START Task material

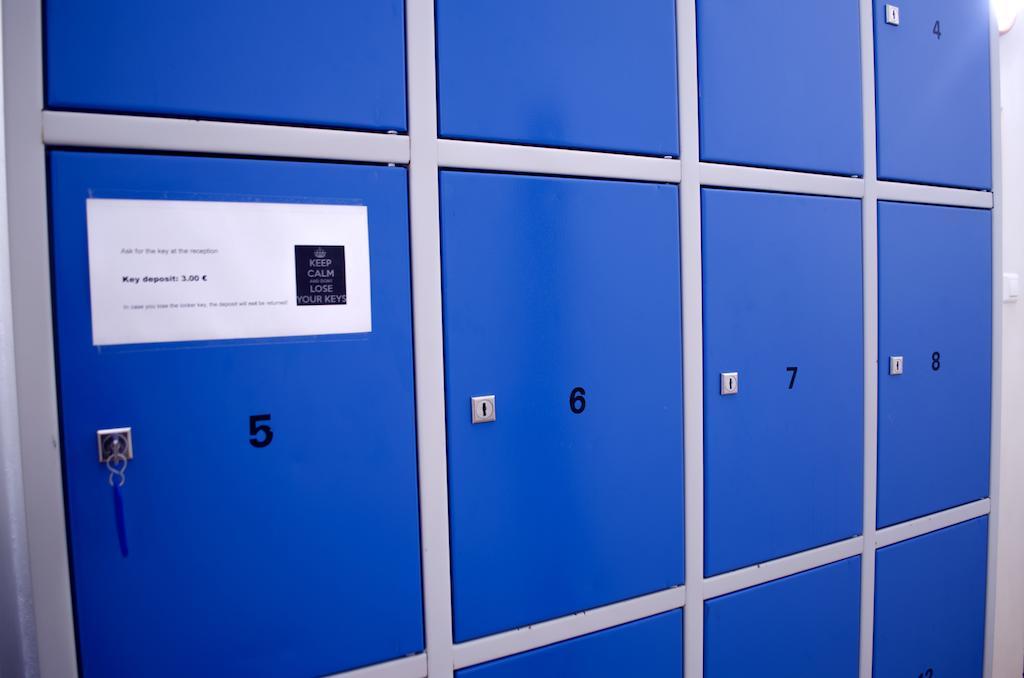 Red Nose Hostel With Self-Check In リガ エクステリア 写真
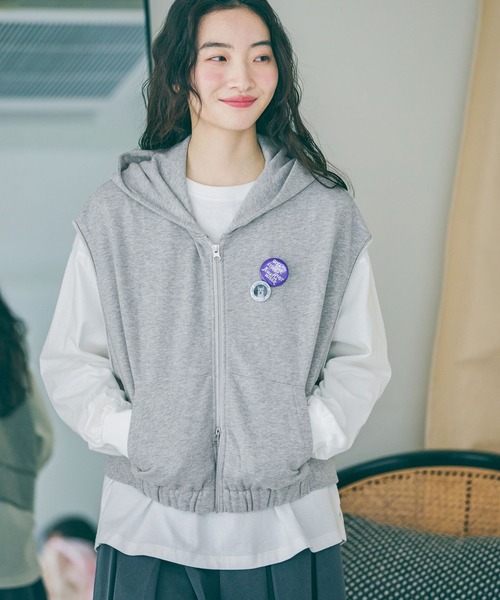 niko and...（ニコアンド）の「缶バッジダブルジップフードベスト（ベスト・レディース・ネイビー/グレー・LARGE/MEDIUM）」の5枚目の写真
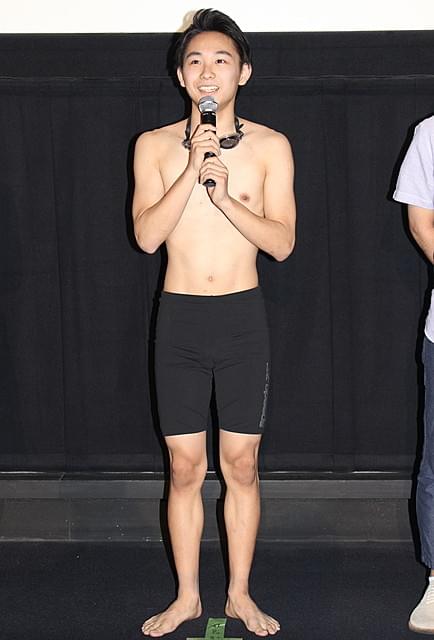 須賀健太「スイートプールサイド」を代表作と断言！海パン一丁で気合いの初日挨拶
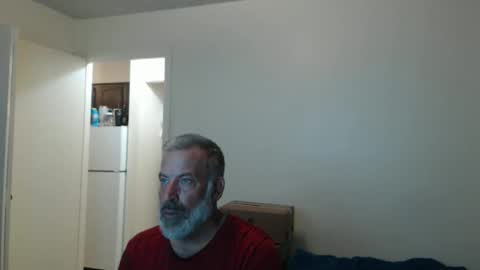 Snapshot of veryveryhairmanindenver chatting on October 31, 12:33 am hairy man online show from October 31, 12:33 am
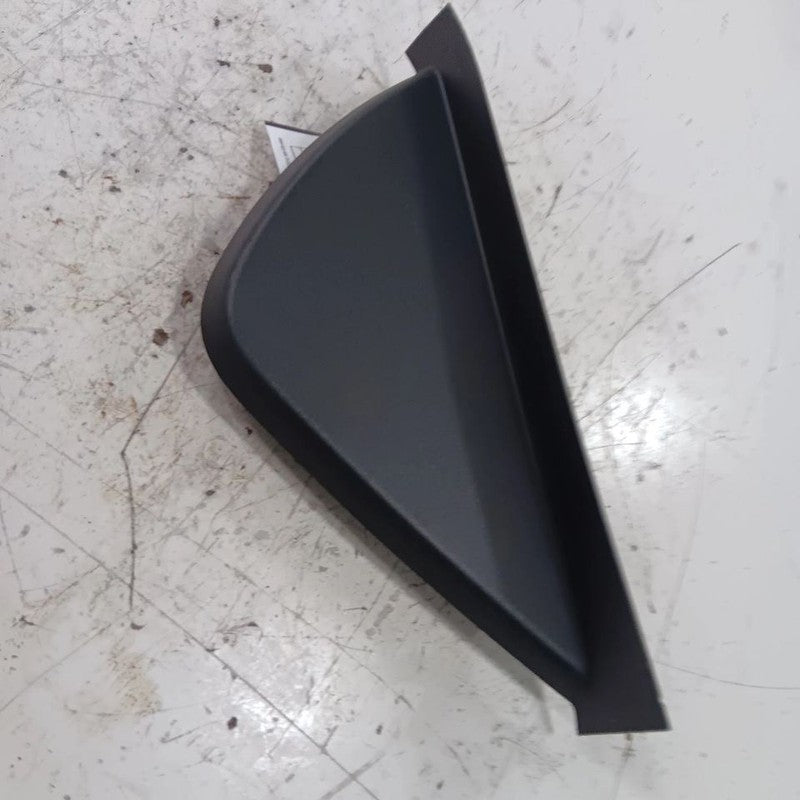 Ford Taurus Dash Side Cover Right Passenger Trim Panel  2019 2018 2017 2016 2015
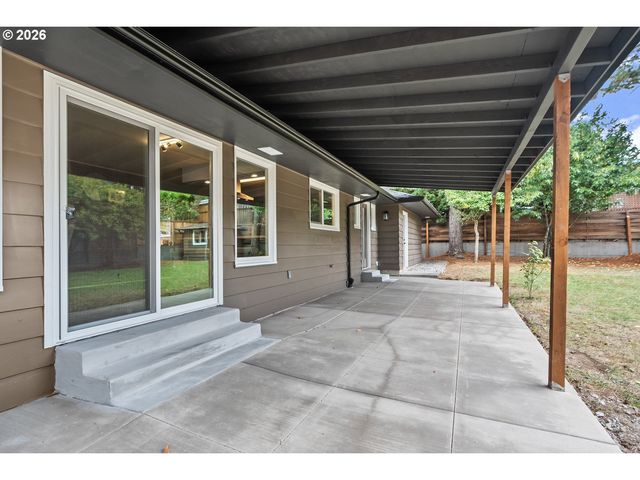 1025 Nw WALLULA Ave, Gresham, OR 97030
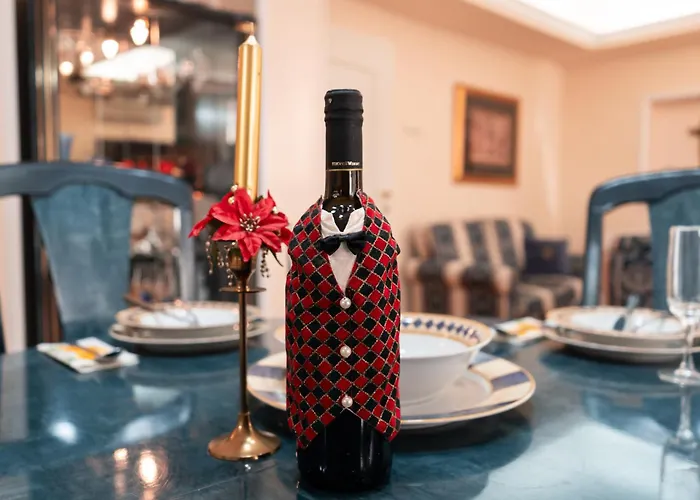 Апартаменти Favorite Family & Dining Gem In *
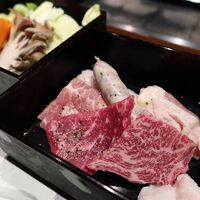 夕食の溶岩焼き、お肉を美味しくいただきました。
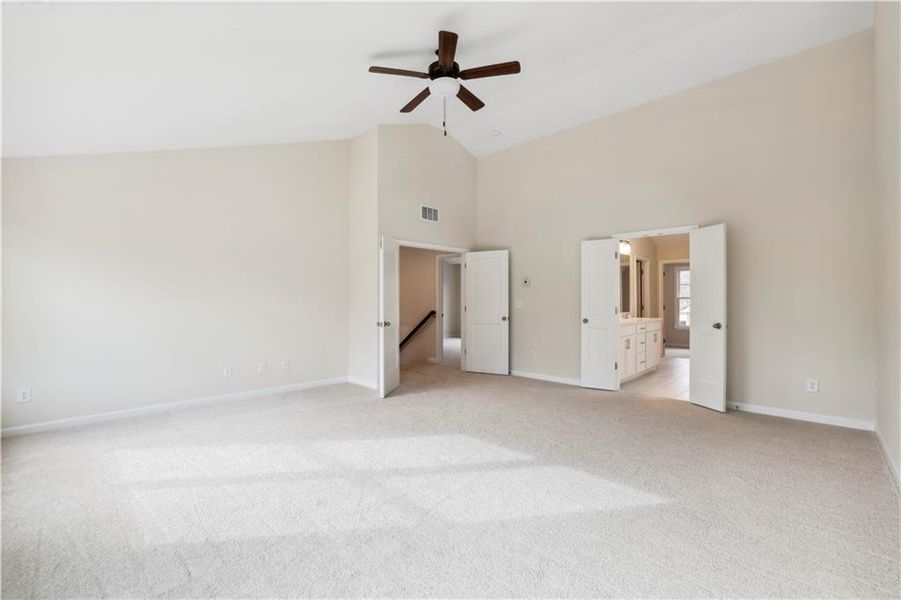 Spacious, unfurnished interior of a new home in , Sugar Hill (Image 7).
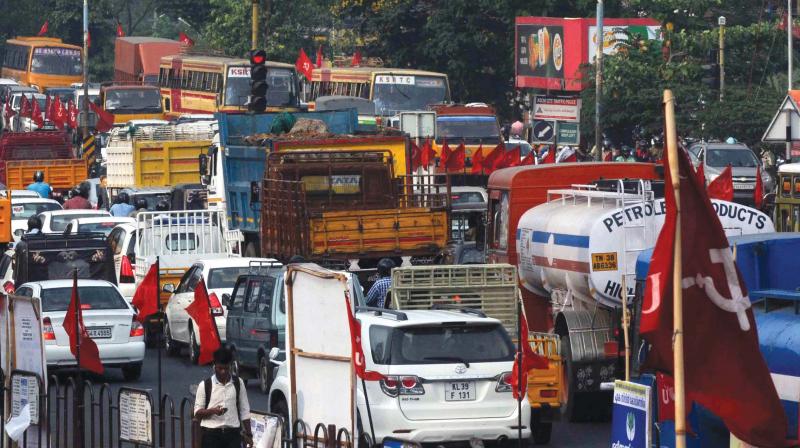 Vyttila junction started witnessing heavy traffic congestion as usual after the traffic reforms were dropped. Authorities restored the signal on Monday following widespread public protest against the reforms which were introduced in July. 	(Photo: DC)
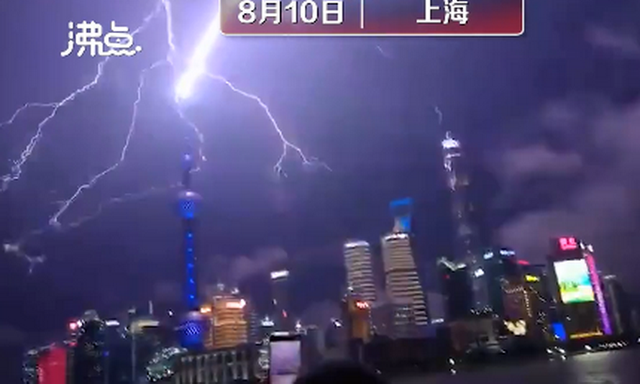 網(wǎng)友：誰在渡劫？上海東方明珠被閃電擊中？已裝備環(huán)形避雷針，并未“親吻”到 (圖3)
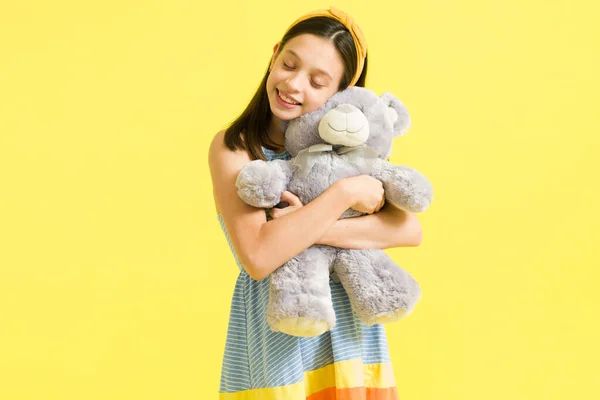 Hou Van Mijn Teddybeer Schattig Jong Meisje Met Een Mooie — Stockfoto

END Task material

▶ **Task goal**:
In your copy of the records above, include no pictures and match every line exactly.

▶ **Written solution**:
 Red Nose Hostel With Self-Check In リガ エクステリア 写真
 niko and...（ニコアンド）の「缶バッジダブルジップフードベスト（ベスト・レディース・ネイビー/グレー・LARGE/MEDIUM）」の5枚目の写真
 須賀健太「スイートプールサイド」を代表作と断言！海パン一丁で気合いの初日挨拶
 Snapshot of veryveryhairmanindenver chatting on October 31, 12:33 am hairy man online show from October 31, 12:33 am
 Ford Taurus Dash Side Cover Right Passenger Trim Panel  2019 2018 2017 2016 2015
 1025 Nw WALLULA Ave, Gresham, OR 97030
 Апартаменти Favorite Family & Dining Gem In *
 夕食の溶岩焼き、お肉を美味しくいただきました。
 Spacious, unfurnished interior of a new home in , Sugar Hill (Image 7).
 Vyttila junction started witnessing heavy traffic congestion as usual after the traffic reforms were dropped. Authorities restored the signal on Monday following widespread public protest against the reforms which were introduced in July. 	(Photo: DC)
 網(wǎng)友：誰在渡劫？上海東方明珠被閃電擊中？已裝備環(huán)形避雷針，并未“親吻”到 (圖3)
 Hou Van Mijn Teddybeer Schattig Jong Meisje Met Een Mooie — Stockfoto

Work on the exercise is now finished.